Still, there are brave souls out there willing to give it a shot. Tony Parziale, CIO of Palm Beach Community College, has been virtualizing the colleges storage and servers since June. PBCC spent $1.6 million on IBM hardware, software, and services, to tie data kept on old mainframes and direct attached storage into one storage pool on a SAN.
PBCC’s new gear includes a zSeries 890 midrange mainframe running five SUSE Linux partitions, a 10-Tbyte IBM DS6800 connected to the mainframe, two BladeCenter blade server chassis, SAN Volume Controller (SVC) to bring all the storage into one pool, and Tivoli Storage Manager (TSM) for backup.
“It’s a virtual world,” Parziale says. “The way I look at it, we have one opportunity every four years to make a major architectural change. The easier solution would have been to stay with the technology we had. But we achieved a lot of costs savings. Going to Linux eliminated proprietary software that was costing us $30,000 a month in licensing. We also eliminated storage and server sprawl and could consolidate our IT staff.”

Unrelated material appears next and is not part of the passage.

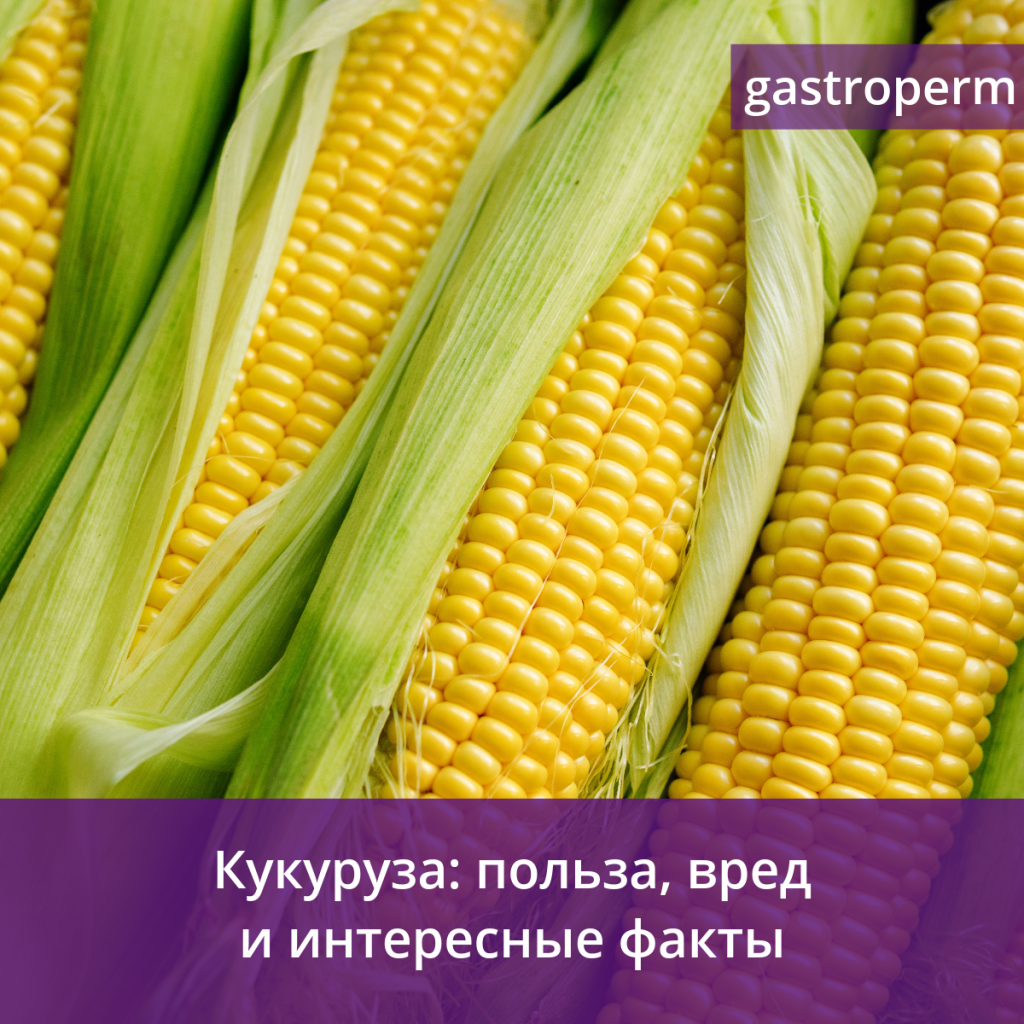 Кукуруза — польза и вред злака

PBCC can rightly be called a pioneer. Consider that in recent IT spending surveys, virtualization is a low priority among buyers. A Goldman Sachs survey of 100 IT managers at Fortune 1000 firms released this week shows only 29 percent are considering implementing storage virtualization over the next 12 months. Those findings track with studies done by others during the last year. (See Virtually Nowhere.)None of that has slowed PBCC, which now stores all its data on its SAN. That includes academic and financial records for 49,000 students and 2,000 employees, distance-learning servers, patient records for its dental hygiene school, and student registration forms.

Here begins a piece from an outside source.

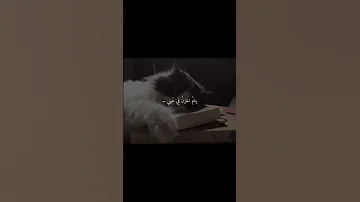 نحارب ظلمة الدنيا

When all of that was spread over unattached servers, Parziale says backups required more than 24 hours. Now he says his backups take five hours. He’s also reduced his number of servers from more than 100 to around 50, with plans for further reduction.
While Parziale was bold enough to take on virtualization, he insisted on picking just one vendor while evaluating systems last year. “When you have a multi-vendor environment, that’s when the finger pointing starts,” he says.

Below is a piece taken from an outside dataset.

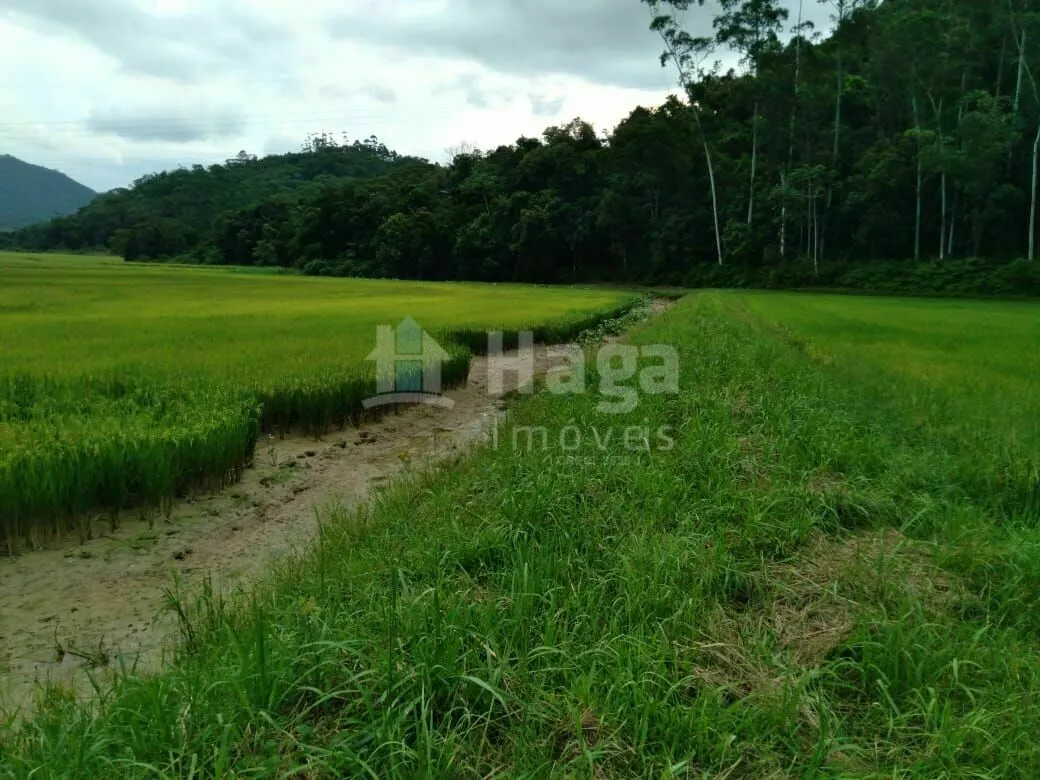 Terreno à venda de 7.727 m² em Guabiruba, SC, Brasil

He also looked at arrays from EMC and Hitachi Data Systems. He liked the IBM arrays, but what clinched it for him was that IBM also had servers to go with its storage.
“EMC Symmetrix and Hitachi TagmaStore are great products, but they don’t have a [mainframe] box, and they’re not single-vendor solutions."EMC didn’t get completely shut out, though. Its VMware server virtualization software plays a big role in PBCC's consolidation plans.
“Before, if I needed another application I wanted to test or do a proof of concept, I had to buy a server, wait for it to come in, and configure it. Now I just provision one of my servers, and get it running in hours instead of weeks.”
PBCC was one of the early adopters of the DS6800, IBM’s midrange system that was launched in October 2004 but required a code re-write before volume sales began in the middle of last year. (See IBM's New Shark Tale and IBM Denies Slipped Ship Date.)
Parziale says implementation was smooth for the most part, although there were hiccups.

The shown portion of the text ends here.